Bir seçimi daha geride bıraktık. Seçim sonuçlarının herkes için, ülkemiz için hayırlı olmasını diliyorum. Pek çok yerde yeni yönetimler yeni yöneticiler göreve geldi. Seçim kampanyaları boyunca bol bol nutuk dinledik. Zaman Zaman gerildik. Tezatlarla dolu konuşmalara gülüp geçtik. Seçim süreci sona erdi. Antalya' da seçmen CHP dedi. Muhittin Böcek yarışı önde bitirdi. Muratpaşa Belediyesinin kazananı yine Ümit Uysal oldu. Döşemealtı'nda Turgay Genç'te yeniden kazananlardandı. Aslına bakarsanız, Antalya'lılar başarılı buldukları Başkan'ları yine seçerek kente hizmetlerine devam etmelerini istedi. Onlar da öyle yapacaklar. Artık seçim bitti. Geçim derdi başladı. Hayat yeniden rutin akışına döndü. Antalya' ya bahar geldi.

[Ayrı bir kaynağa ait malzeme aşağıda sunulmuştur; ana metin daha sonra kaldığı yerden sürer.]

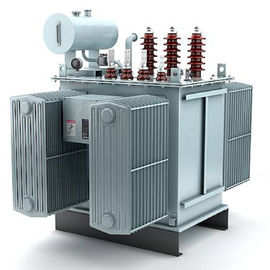 O óleo do sistema de Electric Power imergiu a impedância do transformador 250kVA 11-0.4kV 4%-6% fornecedor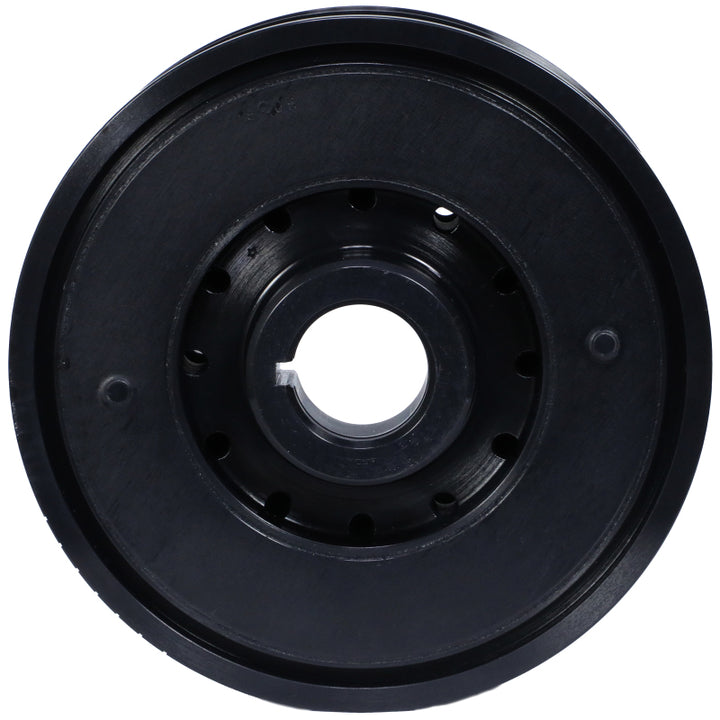Fluidampr Nissan RB26DET Phase-1 BNR32 GT-R Steel Internally Balanced Damper - Bull Strap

Artık seçmenler olarak beklentimiz, seçilenlerin tezatsız, dürüst ve ilkeli bir yönetim anlayışı sergilemeleri ve toplum çıkarlarını her şeyin üstünde tutmalarıdır. Şurası bir gerçek ki, hangi partiden olursa olsun, adaletli bir yönetim barış, huzur ve kardeşliği besler. 

 Seçimlerin gergin ortamından sonra fıkralarla gülümseyelim biraz;

 "Temsilci"
"Parti Başkan'ı Temel, seçimde Cemal' i aday listesine koyunca, partililer itiraz etmiş:

- O üçkağıtçının biridir!
Başkan cevap vermiş:

- Memlekette o kadar çok var ki, Cemal' de onları temsil etsin."

Fıkra bu ya; Koca Ragıp Paşa, Sadrazamlığı sırasında bir toplantıda, hepsi de muteber yerlerde bulunmuş, yüksek memurlara ve yöneticilere sormuş:
 -Rüşvet yemediğinize yemin eder misiniz?
Hepsi gürül gürül yemin etmiş. Paşa bir köşede süklüm püklüm oturan şair Haşmet' e dönmüş:
 - Sen de devlet memuriyetinde bulundun. Niye "rüşvet almadım" diye yemin edemiyorsun?
 - Efendimiz, yalan yere yemin edenlerin çarpılacağı, ağzına yüzüne felç geleceği, hatta konuşamayacağı dilinin tutulacağı hakkında bir inanç vardır. Şimdi ben bekliyorum, eğer bu zatı muhteremlere bir şey olmazsa, ben de yemin edeceğim." Demiş şair Haşmet.
Hoşçakalın sevgili okurlar. Her şey gönlünüzce olsun.